═════ Data to use ═════
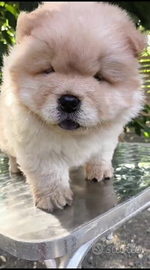 Chow chow con pedigree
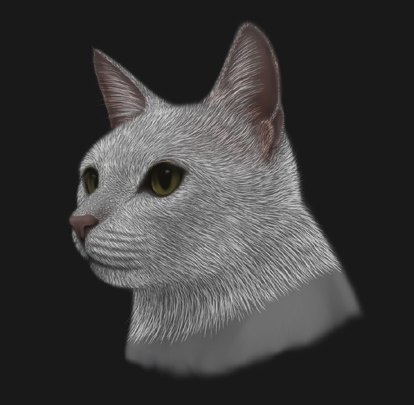 研究・猫の毛並み・その３｜エア下僕のねこ部屋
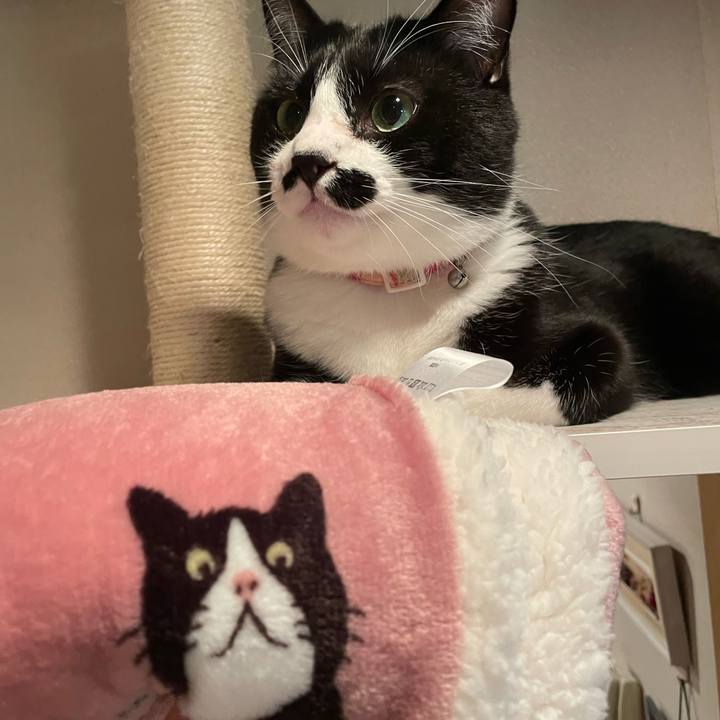 17532137 fd6a 4327 9c18 5684571453ef 1671451473383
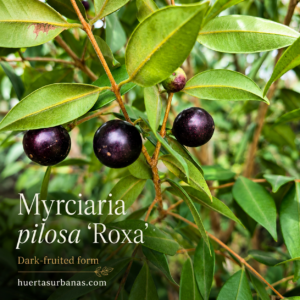 Myrciaria pilosa Roxa – Rare Purple-Black Fruited Brazilian Myrtaceae (September Pre-Sale)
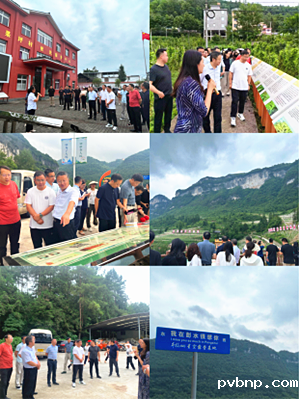 1720450766955583.png 2.png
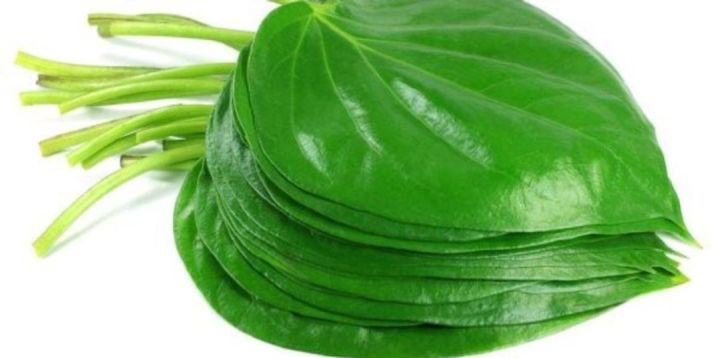 daun sirih ketemu ruas 10 lembar segar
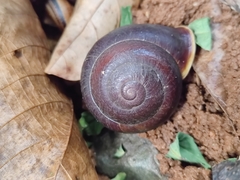 Camaena menglunensis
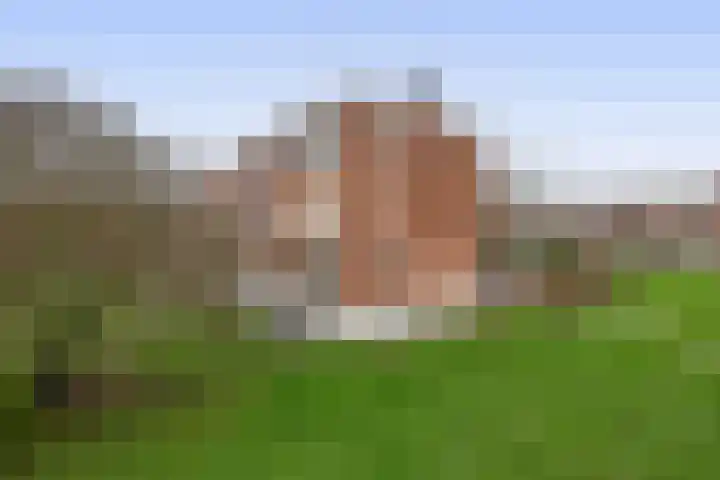 Aagje Dekenstraat 24 B Spijkenisse thumbnail 8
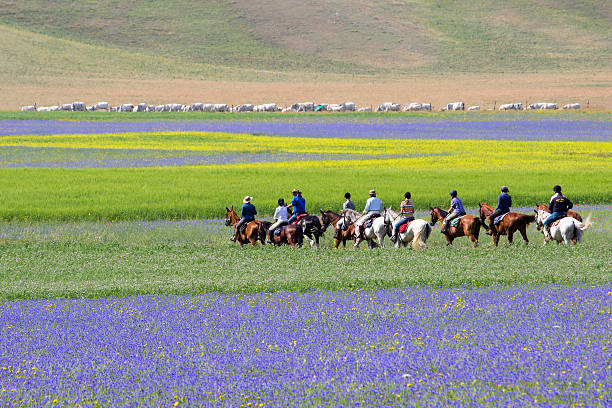 Horse riders riding on Flower field - Landscape stock photo
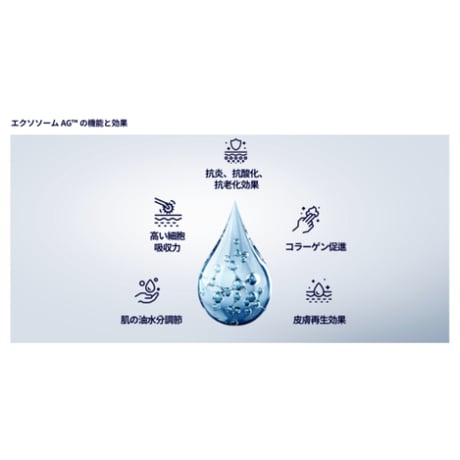 ≪RETURN10≫　EXOSOME　AG（エクソソーム導入美容液）2本セット×4個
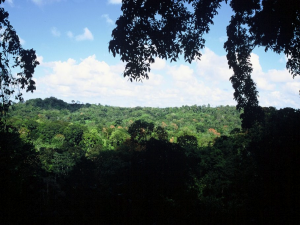 Kakaoplantage på Trinidad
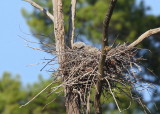 Great Horned owlet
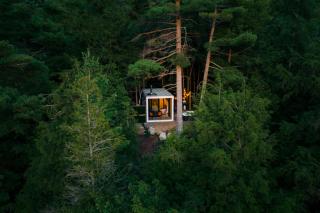 Aux Box Muskoka Modern Muskoka Bunkie - Huntsville - 2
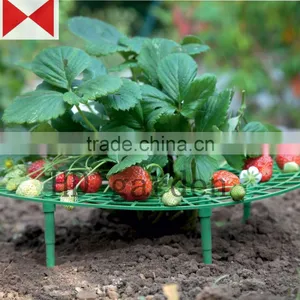 Strawberry Support thumbnail-6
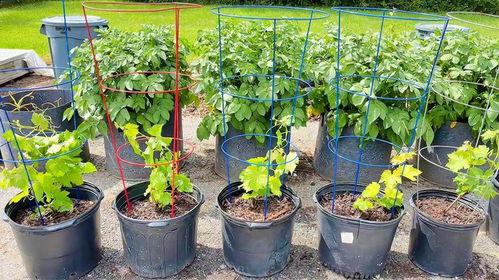 葡萄扦插视频,视频教程带你轻松掌握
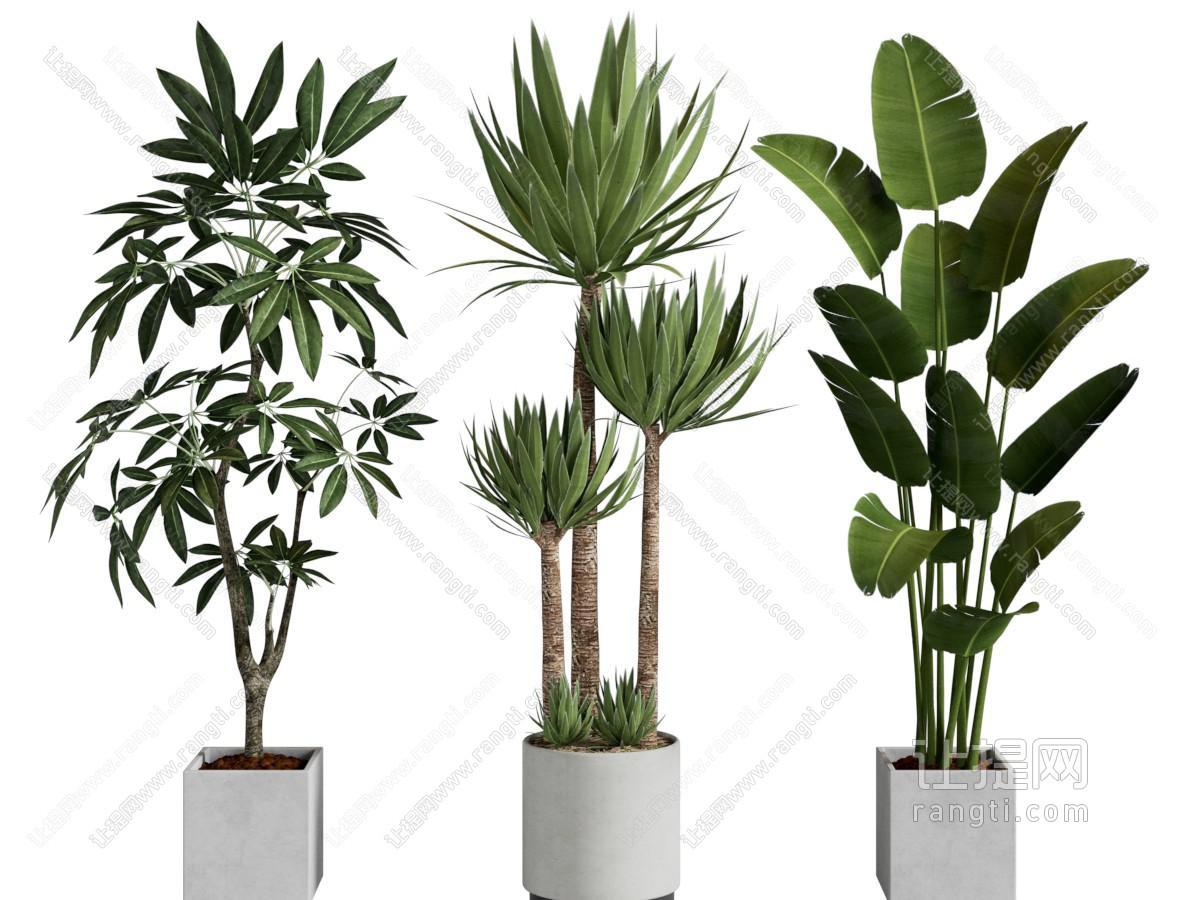 绿植盆栽 植物盆栽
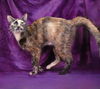 adoptable Cat in Baldwin Park, CA named MEEP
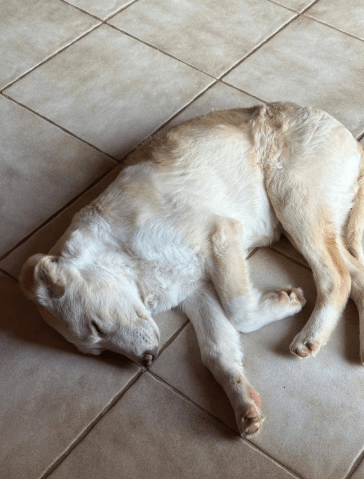 2026 02 09 08 58 54 Newsletter Subscription Nachricht (HTML) (Schreibgeschützt)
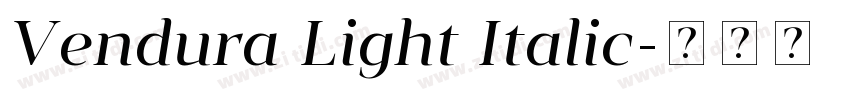 Vendura Light Italic字体转换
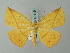  ( - BC ZSM Lep 49119)  @11 [ ] CreativeCommons - Attribution Non-Commercial Share-Alike (2012) Axel Hausmann/Bavarian State Collection of Zoology (ZSM) SNSB, Zoologische Staatssammlung Muenchen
═════
→ **Work instructions**: Except for the pictures, the whole listing above should be transcribed exactly.

→ **Answer space**:
 Chow chow con pedigree
 研究・猫の毛並み・その３｜エア下僕のねこ部屋
 17532137 fd6a 4327 9c18 5684571453ef 1671451473383
 Myrciaria pilosa Roxa – Rare Purple-Black Fruited Brazilian Myrtaceae (September Pre-Sale)
 1720450766955583.png 2.png
 daun sirih ketemu ruas 10 lembar segar
 Camaena menglunensis
 Aagje Dekenstraat 24 B Spijkenisse thumbnail 8
 Horse riders riding on Flower field - Landscape stock photo
 ≪RETURN10≫　EXOSOME　AG（エクソソーム導入美容液）2本セット×4個
 Kakaoplantage på Trinidad
 Great Horned owlet
 Aux Box Muskoka Modern Muskoka Bunkie - Huntsville - 2
 Strawberry Support thumbnail-6
 葡萄扦插视频,视频教程带你轻松掌握
 绿植盆栽 植物盆栽
 adoptable Cat in Baldwin Park, CA named MEEP
 2026 02 09 08 58 54 Newsletter Subscription Nachricht (HTML) (Schreibgeschützt)
 Vendura Light Italic字体转换
  ( - BC ZSM Lep 49119)  @11 [ ] CreativeCommons - Attribution Non-Commercial Share-Alike (2012) Axel Hausmann/Bavarian State Collection of Zoology (ZSM) SNSB, Zoologische Staatssammlung Muenchen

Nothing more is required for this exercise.